Eerherstel voor Oostendse leerlingen 66 jaar na datum
Op vrijdag 6 mei werden de namen van de Joodse leerlingen aangebracht aan het herdenkplaat in het Atheneum van Oostende. In de editie van 11 mei kunt u hierover een verslag lezen. Westvlaanderen TV maakte deze reportage.
Voorgeschiedenis
Het artikel in Joods Actueel ‘Slecht voorbeeld herinneringseducatie in Oostends Atheneum‘ heeft haar effect niet gemist. In het stuk kaartten we de desinteresse van de directie aan om de ontbrekende namen van Joodse slachtoffers naast de lijst van niet-Joodse gesneuvelden aan te brengen. Het artikel was nog maar pas verschenen of de lokale pers ging zich er ook mee bemoeien. Daarin liet atheneumdirectrice Berlinda Willaert een heel andere klok luiden. Natuurlijk was ze uitermate bekommerd om dit onrecht, verklaarde ze terwijl ze zich liet fotograferen voor het oorlogsgedenkteken.

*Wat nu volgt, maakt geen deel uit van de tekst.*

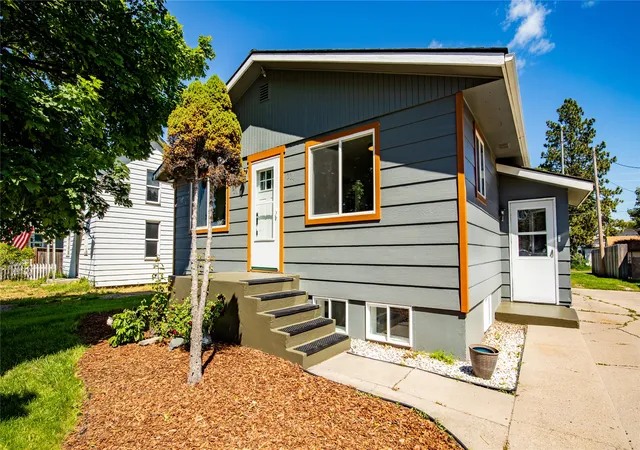1st image of 204 8th Ave W, Polson, MT 59860 | MLS# 30073526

De afgevaardigde bestuurder van het Gemeenschapsonderwijs, Raymonda Verdyck, liet in een reactie aan Joods Actueel weten dat het hele traject “enige vertraging” had opgelopen maar dat dit zeker niet te wijten was aan een gebrek aan betrokkenheid of interesse.
Dat het project enige vertraging opliep, zou de oud-leraar van het Oostendse atheneum Raymond Chaffaert zeker beamen. Maar hij kan spijts al zijn inspanningen niet zelf meer meemaken dat de gedenkplaat er eindelijk komt, hij overleed in september vorig jaar. Uit de notities die we van zijn vrouw kregen, lezen we: “Toen ik kort na de Tweede Wereldoorlog (nvdr tijdens het schooljaar 1945) werd aangesteld aan het Koninklijk Atheneum te Oostende, was het mij opgevallen dat op de gedenkplaat voor de oorlogsslachtoffers alle slachtoffers van Joodse origine niet vermeld werden. Dit was voor mij een onvergefelijke nalatigheid van de schooldirectie. De door mij gemaakte opmerking bleef dode letter”. Maar de onderwijsman schrijft even verder ook “al is het decennia later, de fout zal worden rechtgezet. Laat ons deze mensen, die op de meest afschuwelijke manier werden omgebracht alleen omdat ze Jood waren, laat ons deze martelaars indachtig zijn”.
Oostendenaar Eddy Fontaine, die al een jaar geleden over de pogingen van Chaffaert om de namen te laten aanbrengen, in Het Nieuwsblad en in De Standaard berichtte, spreekt van een positieve ontwikkeling: “Het is duidelijk dat nu de verantwoordelijken van het Gemeenschapsonderwijs in Brussel zich ermee bemoeien, er schot in de zaak komt”.
Advertentie
Nood
Johan Vanbesien, de voorzitter van Groen! Oostende stuurde ons een e-mail door, die bij zijn partij binnenliep. De mail was afkomstig van een studente van het Oostendse atheneum die de berichtgeving in de krant had gelezen. Voor Joods Actueel deed zij een rondvraag bij een tiental medeleerlingen in verschillende klassen van de school. Het resultaat was onthutsend. Tot het verhaal vorige maand in de pers verscheen, had geen enkele student er weet van dat op hun school Joodse leerlingen zaten, die tijdens WOII gedeporteerd en vermoord werden door de nazi’s.
De mededeling van de afgevaardigde bestuurder van het Gemeenschapsonderwijs dat leraren op de school grote inspanningen leveren in verband met herinneringseducatie, is zonder de minste twijfel correct. Het komt ons voor dat de Oostendse atheneumleerkrachten zelf niet van de Joodse geschiedenis van hun school op de hoogte waren. Dat is niet vreemd want bijna niemand in Oostende weet er iets over. Maar in het geval van dit atheneum begint herinneringseducatie – hoe prijzenswaardig ook – niet in Breendonk of in Mechelen, zelfs niet op een Shoahherdenking in Antwerpen maar in de Alfons Spillaertstraat nr.31 te Oostende.
Of zoals mijnheer Chaffaert – die nog met een oude typmachine tikte – zijn verslag beëindigde met een oproep in hoofdletters, waarbij hij extra spaties tussen de letters plaatste: “L E T ‘S R E M E M B E R T H E M”.